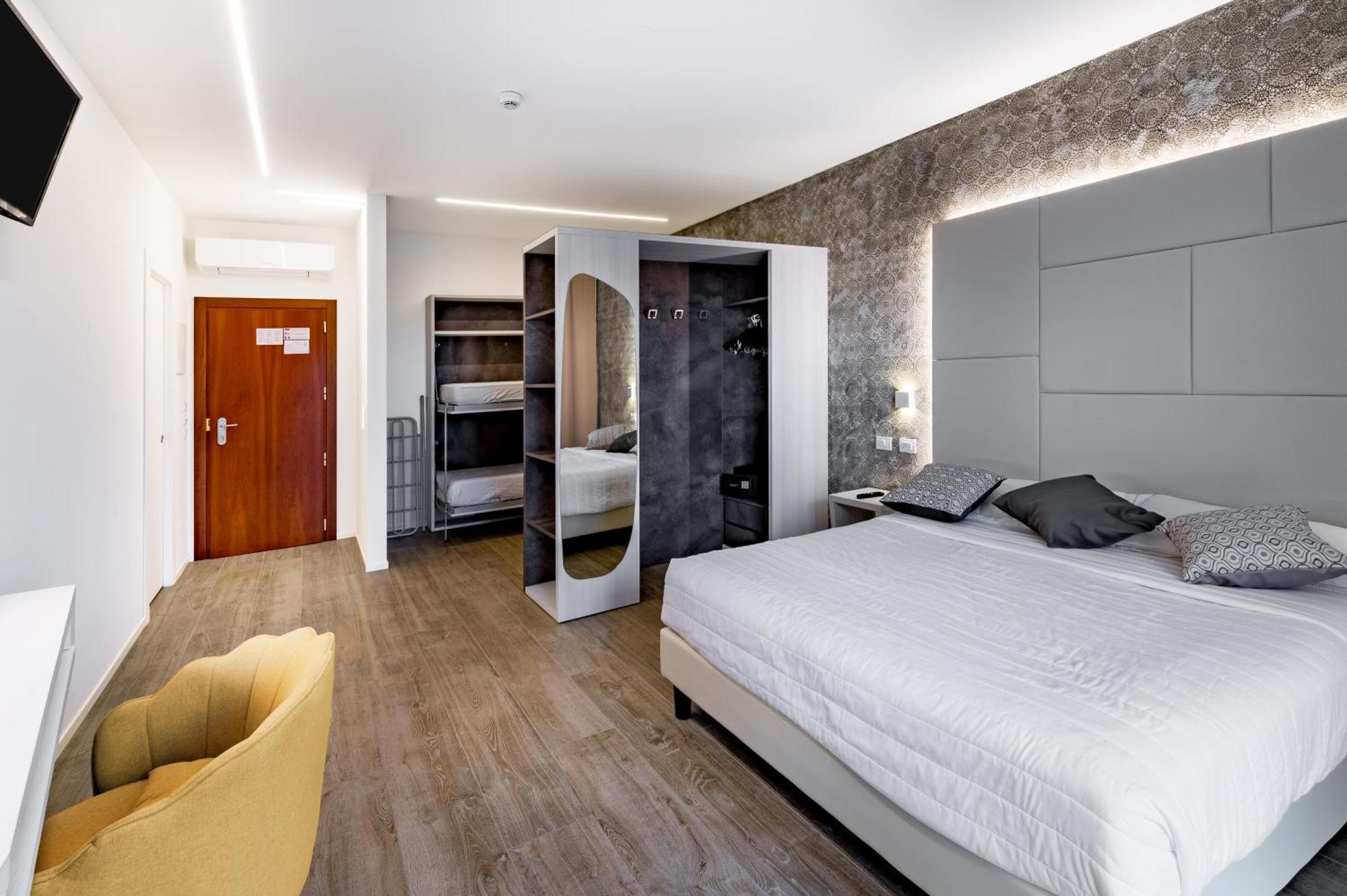 Hotel Franz Bibione Bagian luar foto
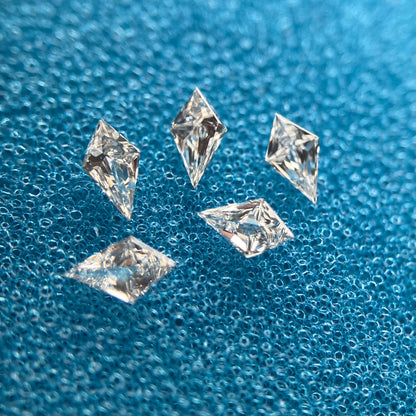 裸石 0.448克拉 浓彩黄 SI-1 CU 附带中央宝石研究所分级证书 (CGL)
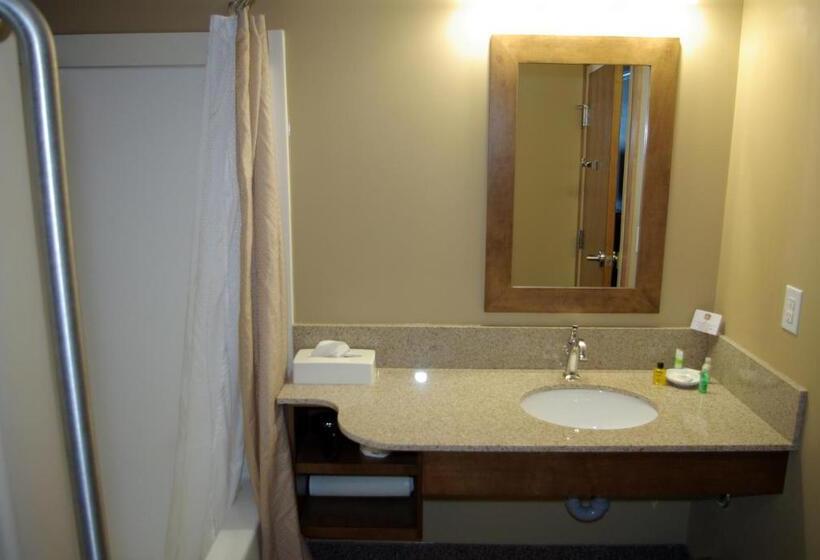 جناح سرير كينج, Camrose Resort Casino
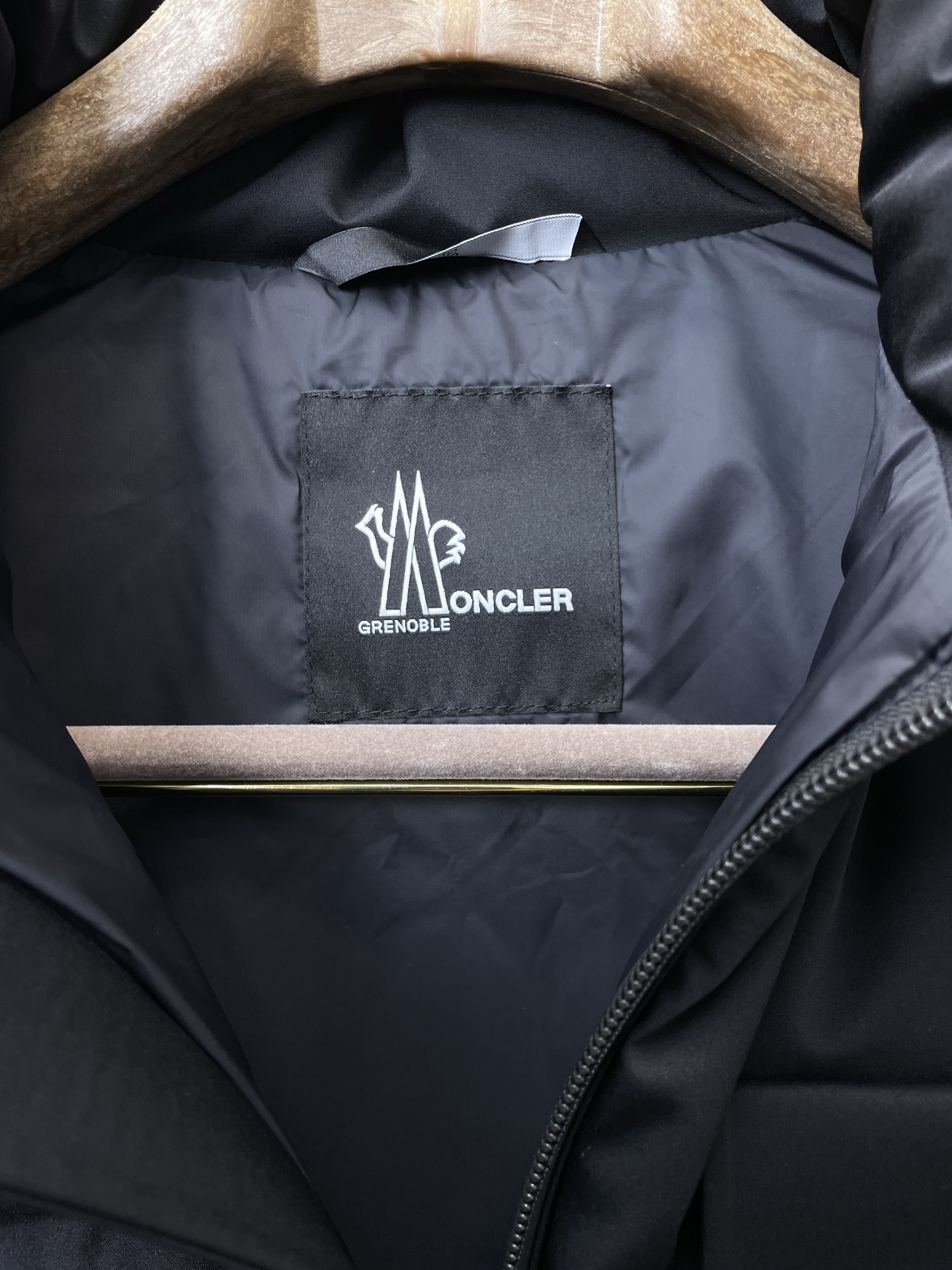 。羽绒服-Moncler蒙口💥砸锅卖铁都要上的新款！秋冬新款羽绒马甲 贸易公司渠道稀出❕降温天气必备的保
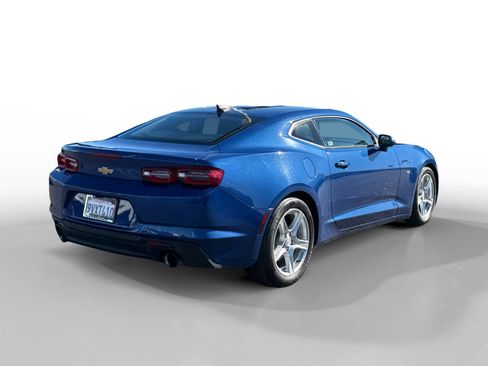 Used 2023 Chevrolet Camaro LT image 5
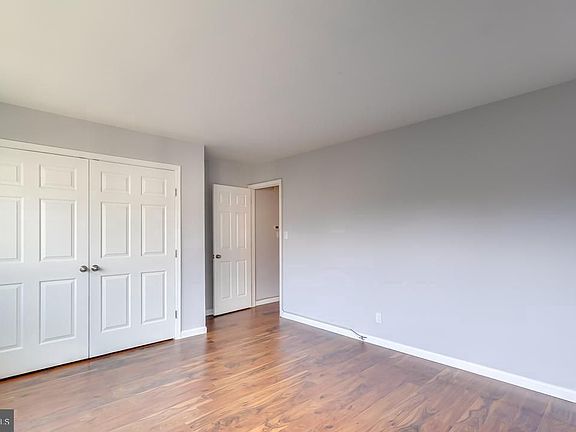 5th image of 3207 University Blvd W APT 21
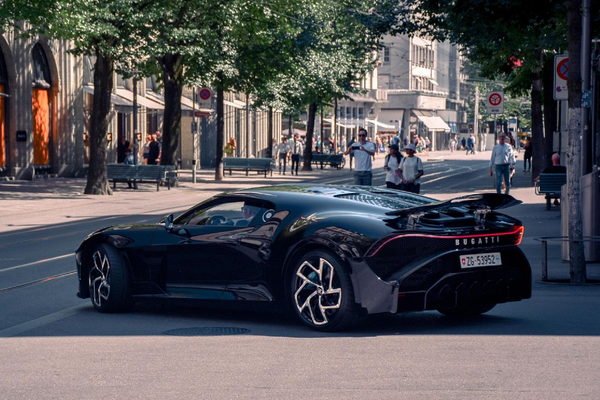 Siêu xe Bugatti La Voiture Noire có 1-0-2 trị giá 19 triệu USD đã có biển số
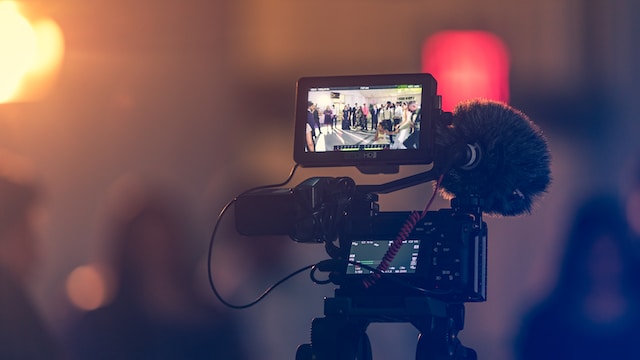 kushagra-kevat-8cYwYgasSis-unsplash W jaki sposób reżyserowie budują napięcie w filmach kryminalnych? Analiza technik filmowych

_What needs to be done_
Write the data out again word for word; leave the pictures behind.

_Reply_
 Hotel Franz Bibione Bagian luar foto
 裸石 0.448克拉 浓彩黄 SI-1 CU 附带中央宝石研究所分级证书 (CGL)
 جناح سرير كينج, Camrose Resort Casino
 。羽绒服-Moncler蒙口💥砸锅卖铁都要上的新款！秋冬新款羽绒马甲 贸易公司渠道稀出❕降温天气必备的保
 Used 2023 Chevrolet Camaro LT image 5
 5th image of 3207 University Blvd W APT 21
 Siêu xe Bugatti La Voiture Noire có 1-0-2 trị giá 19 triệu USD đã có biển số
 kushagra-kevat-8cYwYgasSis-unsplash W jaki sposób reżyserowie budują napięcie w filmach kryminalnych? Analiza technik filmowych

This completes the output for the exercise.